Saturday, June 05, 2010

Jerzy Lives

While most of the global church observes this Sunday as the transferred observance of Corpus Christi, the church in Poland -- where the feast remains on its traditional Thursday -- will be commemorating a more recent martyr for freedom.

At a Mass in Warsaw's Pidulski Square expected to draw in excess of a quarter-million people, the Vatican's lead saintmaker -- the prefect of the Congregation for the Causes of Saints, Archbishop Angelo Amato -- will beatify Fr Jerzy Popieluzsko, a chaplain to the Solidarity movement whose massive open liturgies peacefully protesting the country's Communist regime saw him bound and beaten and tossed into a reservoir in October 1984 at age 37.

Revered as a hero of Poland's latest struggle for independence, following the Mass relics of the new blessed will be processed from the square to a new basilica built especially to house them. Since his death, Popieluszko tomb in the front yard of his last parish assignment has received over 17 million visitors.

In a poignant coda, the relics will be brought forward at the liturgy's start by Fr Jerzy's mother, Marianna, who stopped to pray at her son's grave (above) earlier today.

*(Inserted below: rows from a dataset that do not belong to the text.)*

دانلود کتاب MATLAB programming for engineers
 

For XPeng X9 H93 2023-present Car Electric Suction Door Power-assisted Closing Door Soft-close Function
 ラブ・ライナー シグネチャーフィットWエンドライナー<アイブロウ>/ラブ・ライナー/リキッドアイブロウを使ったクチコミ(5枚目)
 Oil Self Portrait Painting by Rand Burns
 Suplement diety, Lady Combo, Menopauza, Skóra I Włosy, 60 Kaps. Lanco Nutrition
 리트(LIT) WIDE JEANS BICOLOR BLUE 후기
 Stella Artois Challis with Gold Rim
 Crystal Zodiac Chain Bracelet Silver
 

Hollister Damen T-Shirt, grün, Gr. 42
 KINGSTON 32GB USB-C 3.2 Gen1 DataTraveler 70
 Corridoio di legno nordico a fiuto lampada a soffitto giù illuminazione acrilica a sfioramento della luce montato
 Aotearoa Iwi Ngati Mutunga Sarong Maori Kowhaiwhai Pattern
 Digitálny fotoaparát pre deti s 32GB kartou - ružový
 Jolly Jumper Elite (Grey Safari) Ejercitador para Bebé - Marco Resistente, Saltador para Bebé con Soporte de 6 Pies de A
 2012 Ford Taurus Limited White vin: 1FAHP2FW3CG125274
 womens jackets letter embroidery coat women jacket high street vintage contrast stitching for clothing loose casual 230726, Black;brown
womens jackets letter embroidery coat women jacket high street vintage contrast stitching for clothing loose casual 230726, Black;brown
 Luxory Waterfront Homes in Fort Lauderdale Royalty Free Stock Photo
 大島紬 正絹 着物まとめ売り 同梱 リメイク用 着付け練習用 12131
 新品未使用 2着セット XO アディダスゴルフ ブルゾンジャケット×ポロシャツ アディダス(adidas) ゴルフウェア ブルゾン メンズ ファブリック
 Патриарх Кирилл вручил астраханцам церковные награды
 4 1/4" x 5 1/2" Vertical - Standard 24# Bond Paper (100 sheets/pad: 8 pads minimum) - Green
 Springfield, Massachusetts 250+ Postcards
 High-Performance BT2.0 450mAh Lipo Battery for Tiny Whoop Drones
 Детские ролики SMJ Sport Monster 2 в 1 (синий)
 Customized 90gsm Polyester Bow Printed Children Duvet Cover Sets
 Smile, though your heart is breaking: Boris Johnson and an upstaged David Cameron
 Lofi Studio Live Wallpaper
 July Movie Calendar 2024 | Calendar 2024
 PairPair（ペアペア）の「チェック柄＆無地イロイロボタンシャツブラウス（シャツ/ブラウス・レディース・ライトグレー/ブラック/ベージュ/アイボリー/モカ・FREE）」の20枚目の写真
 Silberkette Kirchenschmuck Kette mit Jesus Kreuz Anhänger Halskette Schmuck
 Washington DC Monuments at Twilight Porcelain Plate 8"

According to CNS, more than 80 streets and squares in Poland bear the priest's name, alongside hundreds of statues and some 18,000 schools, charities and youth groups.

The beatification is a fitting start to this final week of the Vatican's Year for Priests, which'll close with two days of rites beginning Thursday in Rome. Some 10,000 clergy are expected to converge on the city from across the globe for the celebrations.